Çok yerinde bir uygulama olan VAR’ın bu sezon ligimizde uygulanması da büyük sorunlar yarattı. Bu güvensizlik ortamında VAR konuşma kayıtlarının kamuoyuna açık hale getirilmesi çok önemli. İşinizi doğru düzgün yapıyorsanız niye çekiniyorsunuz ki? VAR bir hakemin görev başında olduğu yer, yani bir çeşit kutsalı. Bu görev başında her söylediğine dikkat etmesi gerekir ve bunların bir tutanak olarak kayıt edilmesi gayet makul bir uygulama olur. Ne olursa olsun VAR uygulaması devam etmeli ama hepimiz neden bazı pozisyonlarda VAR yardımı alınıp pozisyonlar tekrar izlenirken diğerlerinde bunun es geçildiğini net olarak bilmeliyiz.
‘BELEDİYELER PROFESYONEL FUTBOLDAN ÇEKİLMELİ’

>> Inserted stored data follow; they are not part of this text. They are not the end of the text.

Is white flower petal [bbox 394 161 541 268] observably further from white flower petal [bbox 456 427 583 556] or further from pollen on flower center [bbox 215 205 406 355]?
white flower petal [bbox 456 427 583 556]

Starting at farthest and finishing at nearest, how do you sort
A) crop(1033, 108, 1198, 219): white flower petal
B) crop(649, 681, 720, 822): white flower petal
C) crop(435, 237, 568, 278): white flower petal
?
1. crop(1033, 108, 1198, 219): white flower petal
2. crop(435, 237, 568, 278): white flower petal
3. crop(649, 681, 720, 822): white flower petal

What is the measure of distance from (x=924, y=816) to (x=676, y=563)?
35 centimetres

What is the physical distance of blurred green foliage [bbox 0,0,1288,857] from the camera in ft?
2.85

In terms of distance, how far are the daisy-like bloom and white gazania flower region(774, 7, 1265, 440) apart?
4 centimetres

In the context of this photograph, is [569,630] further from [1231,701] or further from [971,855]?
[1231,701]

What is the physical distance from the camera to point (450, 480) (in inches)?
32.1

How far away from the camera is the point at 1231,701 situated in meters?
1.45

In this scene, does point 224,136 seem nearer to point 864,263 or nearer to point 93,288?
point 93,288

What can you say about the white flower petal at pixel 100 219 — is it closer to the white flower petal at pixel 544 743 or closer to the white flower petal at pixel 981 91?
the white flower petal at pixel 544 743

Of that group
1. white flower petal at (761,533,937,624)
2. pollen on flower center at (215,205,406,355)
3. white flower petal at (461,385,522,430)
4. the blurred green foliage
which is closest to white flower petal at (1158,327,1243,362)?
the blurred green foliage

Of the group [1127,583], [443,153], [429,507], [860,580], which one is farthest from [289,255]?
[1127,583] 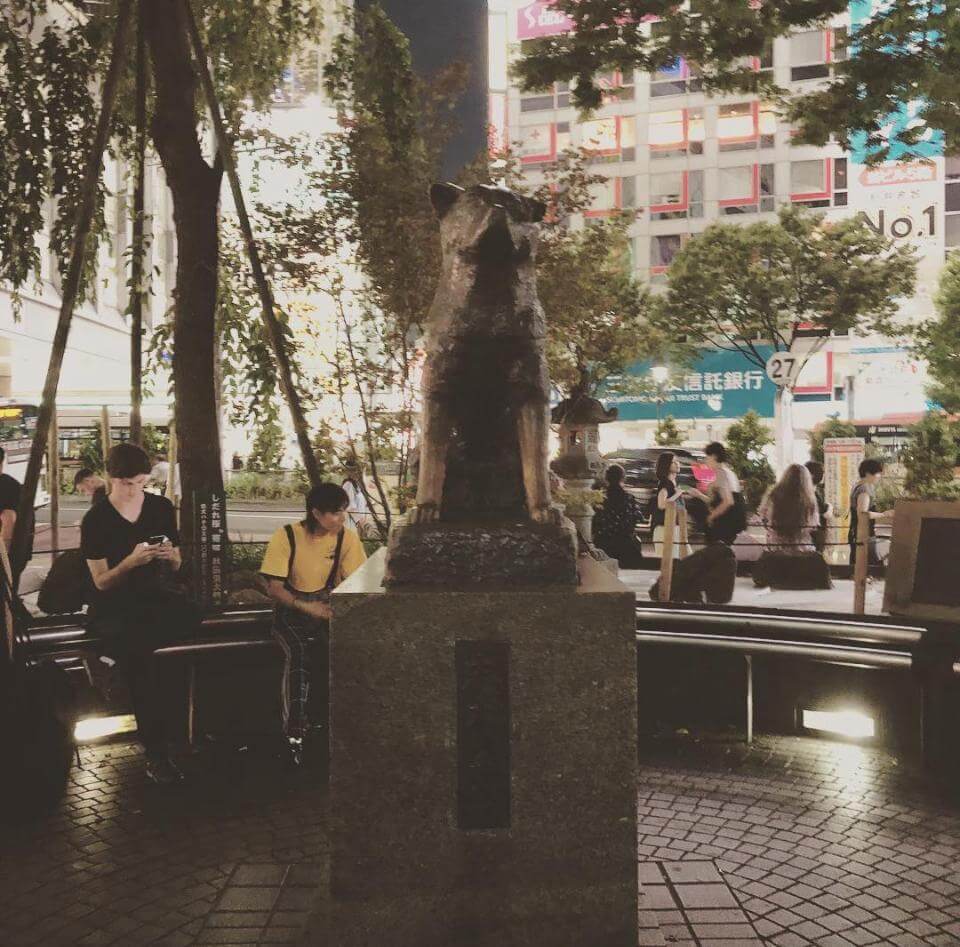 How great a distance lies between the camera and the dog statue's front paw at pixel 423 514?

Belediyecilikte spor görevi rekreasyonel ve amatör düzeyde olmalıdır. Belediyelerin profesyonel kulüp kurmaları, kentin kaynaklarını buralara aktarmaları yanlıştır. Gerekli yasal düzenlemeler yapılarak doğrudan ya da dolaylı şekilde belediyelere bağlı profesyonel faaliyet gösteren futbol takımları sistemden ayıklanmalıdır. Bir kentin futbol kültürü onu üst liglere taşıyamıyorsa, bunun belediyeler yani siyaset aracılığıyla başarılmaya çalışılması kabul edilemez. Hiçbir şehir mutlaka profesyonel düzeyde futbol mücadelesi vermek zorunda olmadığı gibi otomatik olarak bu hakka sahip de değildir. Olursa olur, olmazsa olması için evrensel kurallara göre mücadele sürdürülür.
‘KÂRHANEDE ROMANTİZM’
Elbette biz ne dersek diyelim bugün için karmakarışık hale gelmiş futbolumuzda gerekli şeylerin yapılması sadece bir hayal. Futbolumuzu tanımlamak için kullandığım, sonradan Tanıl Bora’nın kitap adı yaptığı bir deyim var: Kârhanede romantizm… Durum şu an için bundan ibaret. Ancak umut bir yolculuk işte. Bir şeyler anlatmaya, farkındalık yaratmaya çalışarak umut ediyoruz, doğru bildiğimiz yolda yavaş yavaş da olsa ilerlemeye devam ediyoruz. Altı yıl önce Trabzonspor başkan adayı olduğumda kulüp için söylediklerimin hepsi, kaygılarımın tamamı gibi öze dönüş ısrarımın ta kendisi de bugün haklı çıktı. Çünkü bu konunun tam içinden geldim. Hiç alan tarafa geçmeden hep elimizden geldiğince vermeye çalıştık. Hayatta olmadığı gibi futbolda da mucize yok. Çalışmaya, emeğe, sabra ve uzun vadeye inanma zorundayız. Günü kurtararak yaşamaya çalışan bir toplum için bu elbette zor bir dönüşüm önerisi ama yarın ülke futbolunun tüm potansiyeli tükenmeden bir şeyler yapmak lazım. Bu gidiş çöküş gidişi. İstedikleri kadar büyük firmaları, sıra sıra ihaleleri, karmaşık ilişkileri olsun, çöküşü gözlerden gizlemeye çalışan zübüklerin, kayyumların, isimli veya isimsiz sahte kahramanların Türk futboluna verebilecekleri hiçbir şeyleri yoktur. Bunlar aslında zavallı insanlar, çünkü bağımsız iradesi olmayan her insan zavallıdır.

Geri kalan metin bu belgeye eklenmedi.